Devemos à conjunção de um espelho e de uma enciclopédia a descoberta deste mundo. Por Vítor Matos e Tiago Araújo
27 junho 2009
Rito de passagem
Lançámos as chuchas da L. em balões de hélio cor-de-laranja. Ela acenou-lhes, sob os incentivos dos amigos que se juntaram a nós no parque para a ocasião. Tenho a certeza de que foi um daqueles momentos que lhe serão recordados por nós de forma cíclica e repetitiva. Ela não se lembrará de os ter lançado e terá de reconstruir essa memória através da nossa. Não se lembrará sequer de ter comido um Cornetto de morango no final, oferecido para apaziguar o nosso sentimento de culpa. Eram três e foram levadas pelo vento em direcções diferentes. Aconselho prudência a quem sair de casa esta noite. Se alguma vos atingir, pedimos desculpa e aconselhamos a que não a experimentem. É um hábito difícil de largar.

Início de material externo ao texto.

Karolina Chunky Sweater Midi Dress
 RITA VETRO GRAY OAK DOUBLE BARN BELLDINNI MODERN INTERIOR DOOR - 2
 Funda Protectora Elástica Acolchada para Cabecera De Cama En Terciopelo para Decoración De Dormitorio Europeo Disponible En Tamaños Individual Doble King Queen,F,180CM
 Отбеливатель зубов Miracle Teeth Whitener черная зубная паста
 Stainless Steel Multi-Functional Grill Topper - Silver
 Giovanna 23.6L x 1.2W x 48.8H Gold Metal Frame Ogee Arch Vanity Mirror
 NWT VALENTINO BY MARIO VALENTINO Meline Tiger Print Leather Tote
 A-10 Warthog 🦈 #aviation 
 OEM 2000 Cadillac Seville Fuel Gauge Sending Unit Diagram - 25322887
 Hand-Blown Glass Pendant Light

Fragmento de um discurso amoroso
Ao longo da infância tive, como todas as crianças, uma grande quantidade de paixões violentas e impossíveis. Lembro-me do nome de quase todas, desde os meus quatro ou cinco anos. Em retrospectiva, o mais estranho dessas paixões infantis era a impossibilidade de concretização. Aos seis ou sete anos não se namora e, mesmo que existam beijos, não têm o significado que vêm a adquirir mais tarde. Mas o platonismo não tornava menos importante a busca. Mesmo quando a paixão era correspondida, o que é raro acontecer quando somos tão novos, a relação era ritualizada numa série de jogos, de insultos pouco sinceros, de demonstrações de desinteresse mal encenadas. Era um jogo de ténis infinito, jogado entre a vantagem nula e a vantagem temporária de um dos dois, por nenhum deles saber o que fazer em caso de vitória.